İki dünya arasında gidip gelmekten başımız döner.
“Doğa” ve “Gündelik Hayat”…
Biz kimiz?
Okumuş yazmış olduğunu sanan kalabalıklar…
“Doğa”ya bakarken “Gündelik hayat” içinde kaybolmuşuzdur.
∘∘∘
Bir dünyada kaybolmak nedir?
Dünyaları içinde işe yarayan mantık belirler.
Kısaca hangi yöntemle “doğru düşünüyorsan”, o yöntemin adı –ki mantık denir buna- ilgili dünyayı belirler.
Örneğin doğada “bilimsel mantık” çalışır…
Bilimsel mantığı uygular rahat yaşarsınız doğanın davranışlarını bulmak isterseniz.

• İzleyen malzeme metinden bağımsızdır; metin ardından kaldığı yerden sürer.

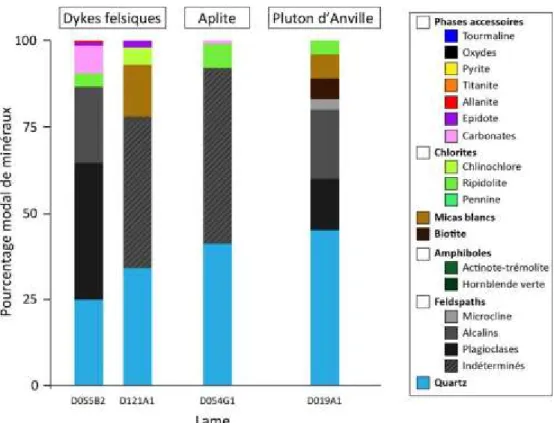 Figure  2.16  –  Estimation  visuelle  des  pourcentages  de  minéraux  dans  les  lames  minces pour les dykes felsiques, l’aplite et le Pluton d’Anville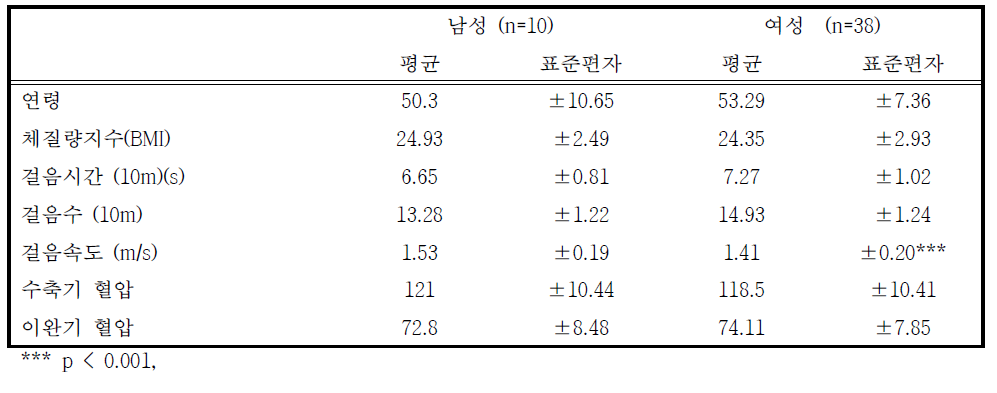 준거검사 대상자 인구학적 특성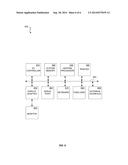 METHOD AND APPARATUS FOR CONFIGURING A TRANSACTION TO ADHERE TO     JURISDICTION-DEPENDENT REGULATIONS diagram and image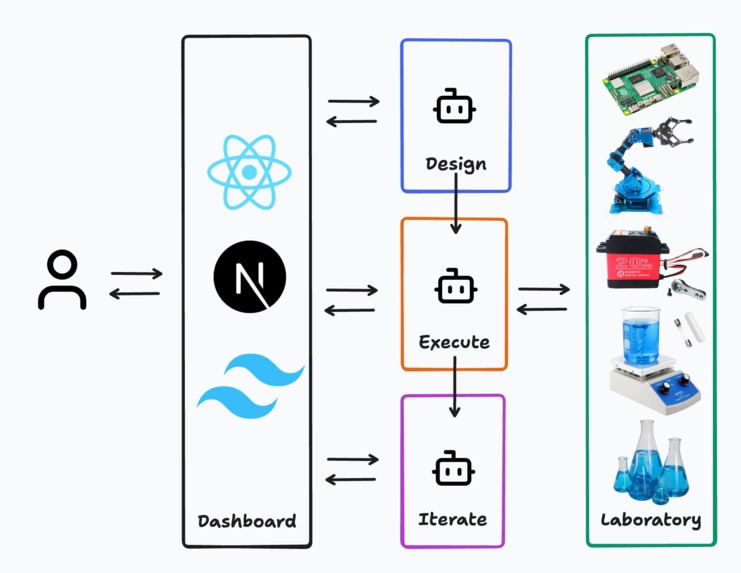 Co:Lab – screenshot 3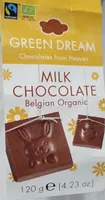 Melk chocolate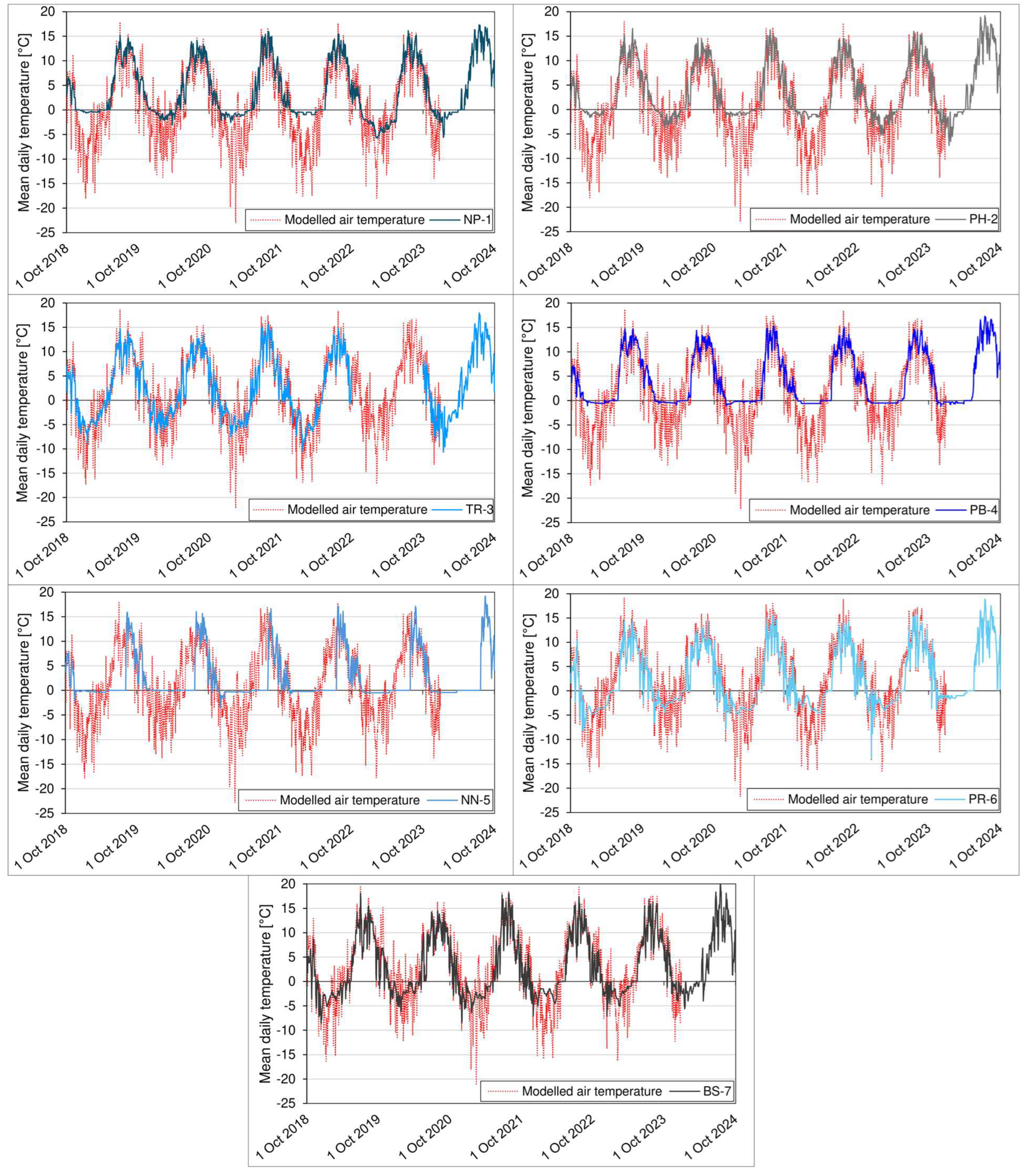 Land 14 01756 g006 Land 14 01756 g006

Bu mantığa uymayan her şeyi gönül rahatlığıyla reddedebilirsiniz…
Büyük rahatlıktır bu.
∘∘∘
Peki dünyaların birinde asla işe yaramayacak bir mantığı –ne denli haklı sebeplerle olursa olsun- kullanmakta ısrarcı olursanız ne olur?
Kaybolursunuz…
Hepimizin gündelik hayatta kaybolduğu gibi…
∘∘∘
Dostum Ekonomist Arif Yücel -kulakları çınlasın- gündelik hayatta kafamızdan düşürmediğimiz bu yönteme “Seviyorsan Evlen Mantığı" derdi.
Düşünüyorum da hedefi göbekten vuran daha iyi bir isimlendirme olamaz…
∘∘∘
En son aldığınız karara geri dönün ve inceleyin lütfen.
Ne yaptınız?
Nasıl karara vardınız?
Ben tahmin etmeye çalışayım:
Canınız bir şeyi –almayı, satmayı, sevmeyi, bırakmayı, yapmayı, başlatmayı, bitirmeyi…..- çekti…
∘∘∘
Bir süre kafanızda kurmaya başladınız…
(Bu süre işin önemine göre uzun ya da kısa olabilir)

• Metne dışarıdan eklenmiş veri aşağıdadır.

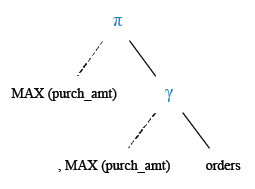 Relational Algebra Tree: Find the maximum purchase amount of all the orders.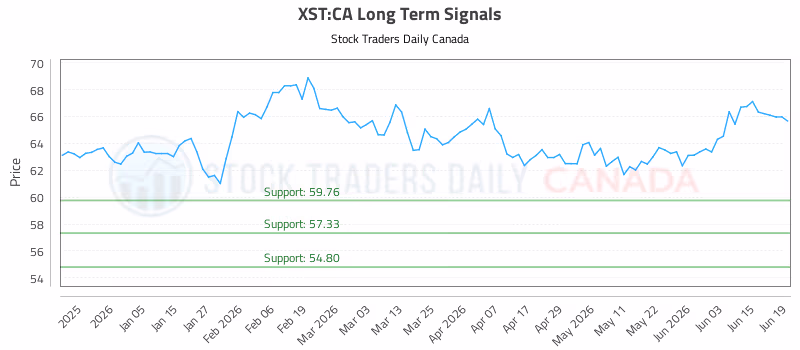 Stock Chart for XST:CA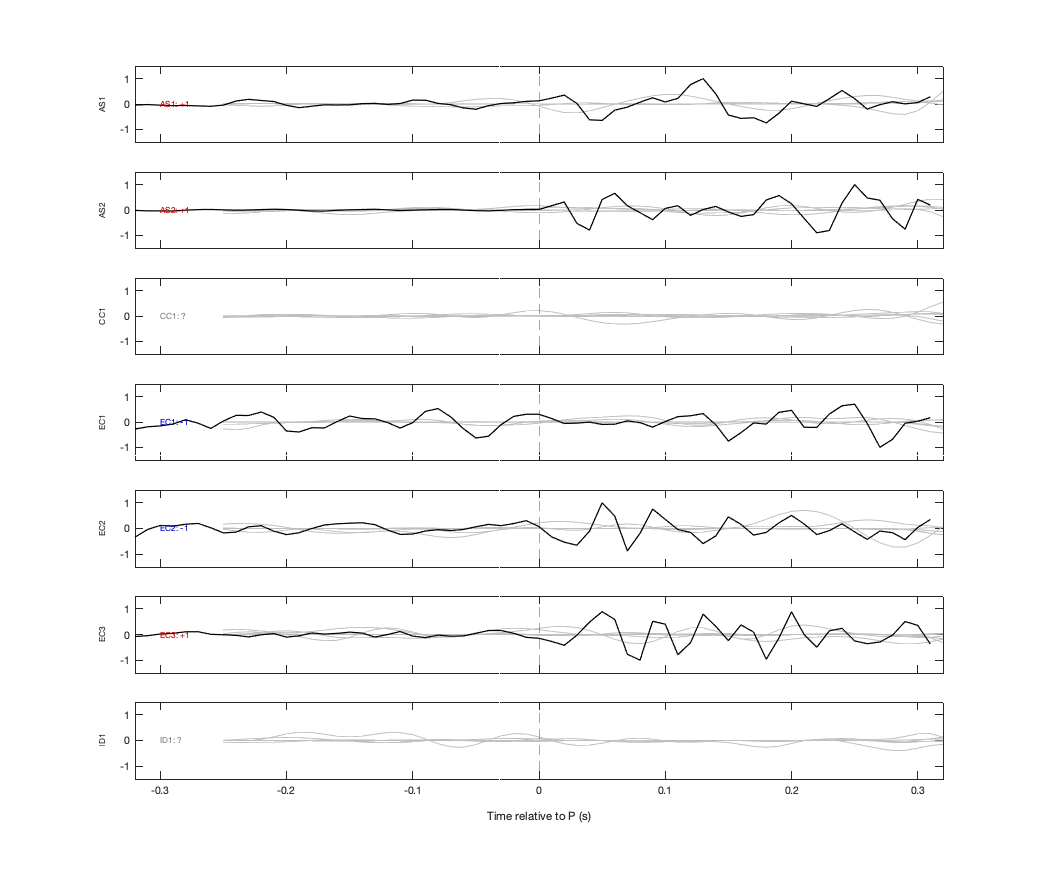 Waveforms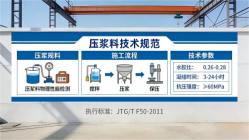 鄄城本地工厂讲解：说一遍公路压浆料和铁路压浆料的区别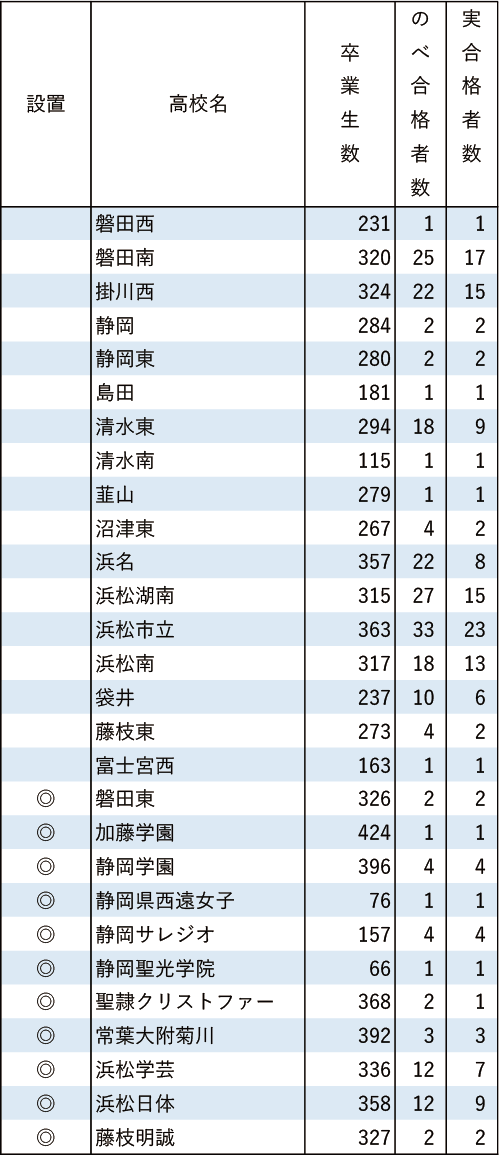 南山大「現役」実合格者数2024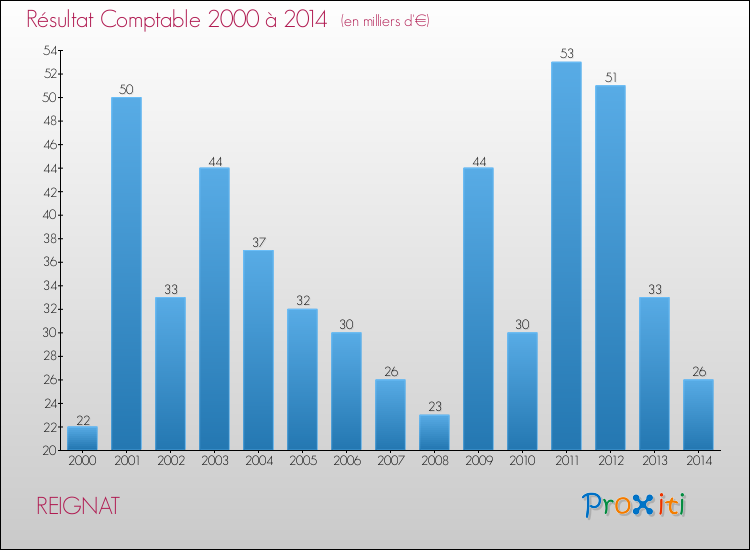 Evolution du résultat comptable pour la commune de REIGNAT de 2000 à 2014 Evolution du résultat comptable pour REIGNAT de 2000 à 2014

Canınızın çektiğini yapmanızı destekleyen geçmiş olgular bulmaya çabaladınız.
Geçmişte neler var, baktınız; sizi veya başkalarını –eşinizi, çocuklarınızı, annenizi, babanızı…- ikna edecek…
Buldunuz ve kendinizden başlayarak önünüze çıkanı kandırdınız –ikna ettiniz.
∘∘∘
Bu yöntem “kurbanlık koyun mantığıdır”…
Kurban bayramında kesilmek için alınan hayvanlar hayatı hep bayramdan önceki haftada olduğu gibi güllük gülüstanlık sanarmış…
(Bayramda kesilecek koyunu özenle beslerler, bilirsiniz.)
Kesilecek hayvanların kullandığı Tümevarım –induction- mantığıdır…
David Hume
∘∘∘
Neden bu yanlış yolda debelenmeyi sürdürürüz?
Çünkü elimizde daha iyisi yok...
Tüm şirketler, tüm bireyler, kurumlar, devlet, yöneticiler bu ipe sapa gelmez yöntemle mücizeler yaratacağını düşünür, pazarlar, söyler…
Korkarım çoğu da buna inanır…
Kurbanlık koyunlar gibi.
∘∘∘
Bu nedenle gündelik hayatımızda “sebep-sonuç ilişkisi” çalışmaz diyorum;
Doğadaki sebep- sonuç ilişkisi gündelik hayatımızda yok olmuştur.
Ama kime anlatacaksın, hiçbirimiz aklımıza getirmeyiz bunu…
∘∘∘
Sebep sonuç ilişkisi olmayan yerde olasılıklar çalışır…
Diyelim, tüm düşündüklerini yaparsan yüzde 60 başarılı olacağını düşünüyorsun…
Bundan “yeni başlamanın” psikolojisini düşersen (sebep-sonuç ilişkisi olmayan gündelik dünyamızda her şey özneldir –subjektiftir) geriye en fazla yüzde 30 kalır…
Başarıya mı ölmeye mi yakınsın sen karar vereceksindir…
∘∘∘
Gündelik hayatımız, doğanın atom altı küçükler dünyasında olduğu gibi olasılıklarla çalışır…
Kuantum dünyası da reddeder “sebep-sonuç ilişkileri”ni…
Einstein (ö. 1955) bu nedenle önceleri karşı durmuştur kuantum teorisine.
∘∘∘
İnsanın dünyası, insan davranışını öngörecek bilimden hâlâ çok uzaktır.
Yok olmadan bunu başarabileceği de kuşkuludur…
Tüm bunları “bilimsel dünyada yaşıyorum hayalleriyle kendini avutanlara” bayram hediyesi olsun diye yazdım.
Üstüne düşünmeye değer bulursanız işe yarar bayramda.
“Dogmatik uykularımızdan uyanmamız” için hepimize faydalı faydalı olacaktır sanıyorum…
∘∘∘
“Seviyorsan evlen dünyası” hâlâ akıl sır ermeyen ikinci bir “kuantum dünyasıdır.
Bakalım hangisi, “gündelik hayat mı” yoksa “atom altı küçükler dünyasının kuantum dünyası mı” önce aydınlanacak?